Clinton wants to increase taxes on the wealthiest Americans by enacting a 4% surcharge on income over $5 million and imposing a 30% minimum tax on taxpayers with income above $1 million—the “Buffet Rule.”
In contrast, Trump has proposed to lower the top tax rate. He has released two tax plans to date. His original plan lowered the top marginal rate to 25%. His subsequent plan lowered it to 33%. (We’ve considered both of his tax proposals in the run-up to the election.)
Tax rates affect the yields and prices on muni bonds, which are currently exempt from taxation. On the face of it, Clinton’s proposal should favor municipal bond prices by increasing demand from the wealthiest taxpayers; Trump’s plan should hurt prices by reducing demand.
But their tax plans are more complicated than that.
Clinton is keeping alive President Obama’s proposal of limiting the tax exemption of municipal bonds to 28%. That means that an investor with a top federal marginal tax rate of 43.4% (47.4%, including the 4% surcharge) would pay a tax of 15.4% (19.4%, including the surcharge) on their municipal income.
Trump, although he did not provide details in his initial proposal, had earlier specified his desire to limit the tax exemption of municipals to 10%, thus leaving a 15% federal tax on municipal income. However, because his subsequent plan does not even mention the municipal tax exemption, some political observers believe the exemption could be at risk.
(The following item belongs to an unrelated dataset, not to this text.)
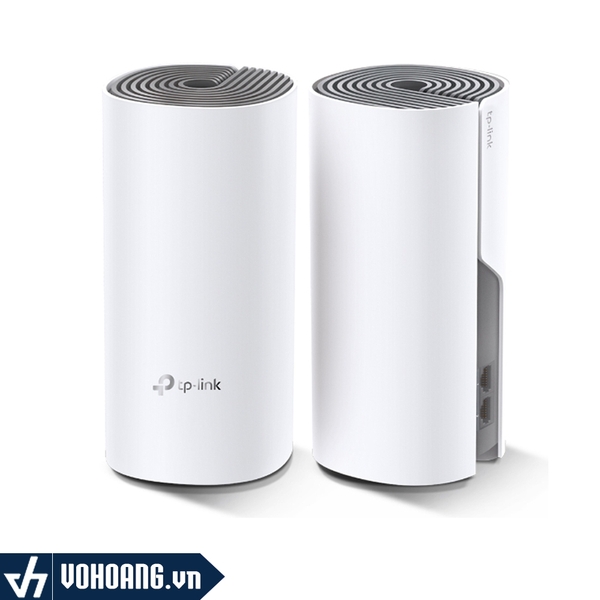 TP-Link Deco E4 (Pack 2) | Hệ Thống Wi-Fi Mesh Chuyên Nghiệp Dành Cho Gia Đình AC1200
Capping or eliminating the municipal tax exemption or reducing the top marginal tax rate would cause municipal yields to shift higher relative to taxable bonds; at the same time, the value of the bonds would fall, initially (Display 1). The longer the maturity, the greater the initial price impact.
We don’t see this as cause for alarm for actively managed portfolios. Managers that have the right tools in their toolbox—including the ability to add taxable bonds—can cushion this downside effect.
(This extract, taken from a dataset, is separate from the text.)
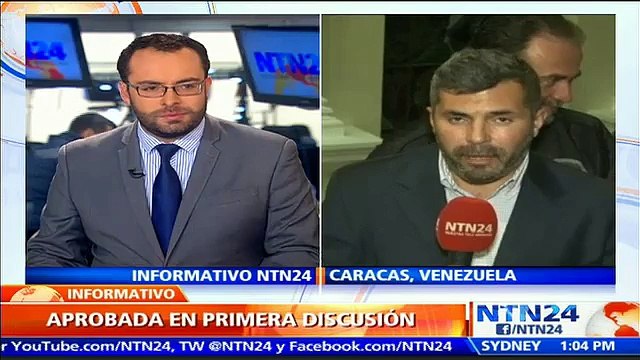 Somos mayoría, queremos reconciliación nacional, amnistía y lograr la libertad : Lilian Tintori a NTN24 tras sesión del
SPENDING MIGHT (NOT) FUEL SUPPLY
Taxes aren’t the only proposals the candidates are making that could affect the municipal market.
Over the past several years, the combination of strong demand in the face of weak supply has been a boon to municipal bond prices. In fact, five of the last six years have seen net negative municipal bond issuance.
That may seem surprising, given historically low interest rates, and the corresponding surge in corporate bond issuance. Yet politicians—unlike their corporate brethren—have not taken meaningful action (Display 2).
But it might not stay that way.
According to the American Society of Civil Engineers, the nation’s infrastructure spending needs through 2020 top $3.6 trillion. And both candidates want to increase investment in our crumbling infrastructure.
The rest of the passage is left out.